• Kino
  • Mapa
  • Ogłoszenia
  • Forum
  • Komunikacja
  • Raport

Odwołane koncerty straszą w Trójmieście. Dlaczego?

Borys Kossakowski
17 lipca 2012 (artykuł sprzed 11 lat) 
Trójmieszczanie nie mieli okazji obejrzeć Eltona Johna, mimo że bilety się nieźle sprzedawały. Tym razem jednak nie zawinił organizator. Trójmieszczanie nie mieli okazji obejrzeć Eltona Johna, mimo że bilety się nieźle sprzedawały. Tym razem jednak nie zawinił organizator.

Elton John, Al Jarreau, George Benson - trzy duże koncerty odwołano w ciągu zaledwie kilku tygodni. Nie mieli szczęścia także organizatorzy koncertów Noela Gallaghera i Soundrive Festival, którzy z powodu słabej sprzedaży biletów, musieli zrezygnować z pobierania opłat za wejście. Dlaczego tak się dzieje?

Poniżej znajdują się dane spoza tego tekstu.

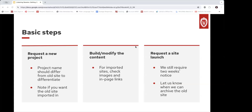Once you have your new project, it's time to either build or modify the content. If you are importing your site, there are a few things you're going to have to test — including images and in-page links. After you've built and modified all of your content, you'll request a website launch just like you did for your initial site. For redesigns, we still do require two weeks' notice — the process is exactly the same.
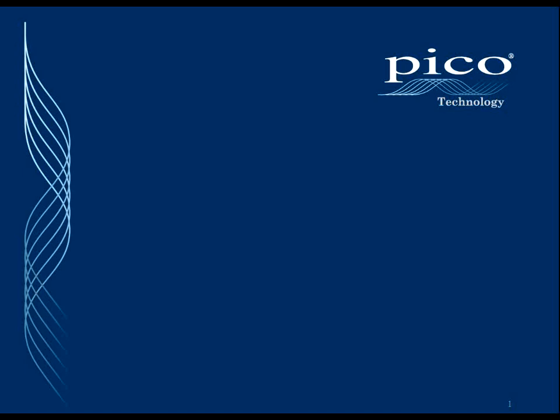In this video we'll cover the latest new and exciting features of PicoScope 6, which now includes Windows 7 support.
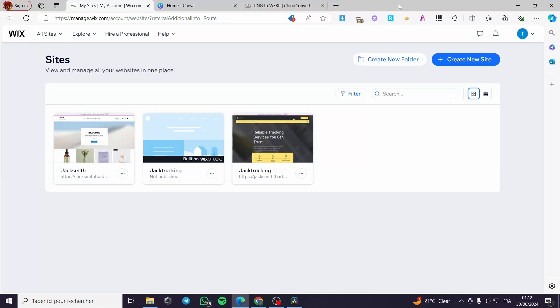How to add a slider in Wix Studio. Hello guys and welcome to this new tutorial. Today I'm going to show you how you can add a slider within Wix Studio. It is very easy and very simple.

Polska w latach komuny była koncertową pustynią. Po upadku żelaznej kurtyny zaczęły do nas przyjeżdżać coraz większe gwiazdy, a rynek rósł w siłę. U2, Metallica, Madonna, George Michael, Red Hot Chilli Peppers - najwięksi występowali w Warszawie, Łodzi, Katowicach czy Wrocławiu, nie w Trójmieście.

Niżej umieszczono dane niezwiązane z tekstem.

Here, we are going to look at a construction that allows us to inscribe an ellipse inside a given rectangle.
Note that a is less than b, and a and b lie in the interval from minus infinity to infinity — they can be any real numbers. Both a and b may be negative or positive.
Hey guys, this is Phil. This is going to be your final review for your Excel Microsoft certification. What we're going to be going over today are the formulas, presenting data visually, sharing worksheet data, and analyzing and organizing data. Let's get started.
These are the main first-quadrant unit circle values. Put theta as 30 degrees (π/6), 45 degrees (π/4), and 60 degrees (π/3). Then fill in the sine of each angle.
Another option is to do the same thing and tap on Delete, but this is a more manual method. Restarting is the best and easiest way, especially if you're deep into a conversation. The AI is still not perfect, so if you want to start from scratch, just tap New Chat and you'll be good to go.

Gdyby nie gdyński Open'er, który jest zjawiskiem osobnym, do momentu powstania Ergo Areny, mogliśmy się poszczycić chyba tylko wielkimi koncertami przebrzmiałych gwiazd na terenie Stoczni, m.in. Kylie Minogue czy Roda Stewarta. Dzięki hali na granicy Gdańska i Sopotu w Trójmieście w ostatnich latach pojawili się Sting, Lady Gaga czy Rammstein - wreszcie w ramach regularnej trasy koncertowej, a nie na specjalne zaproszenie miasta. Ostatnio jednak coraz więcej dużych koncertów zostaje odwołanych.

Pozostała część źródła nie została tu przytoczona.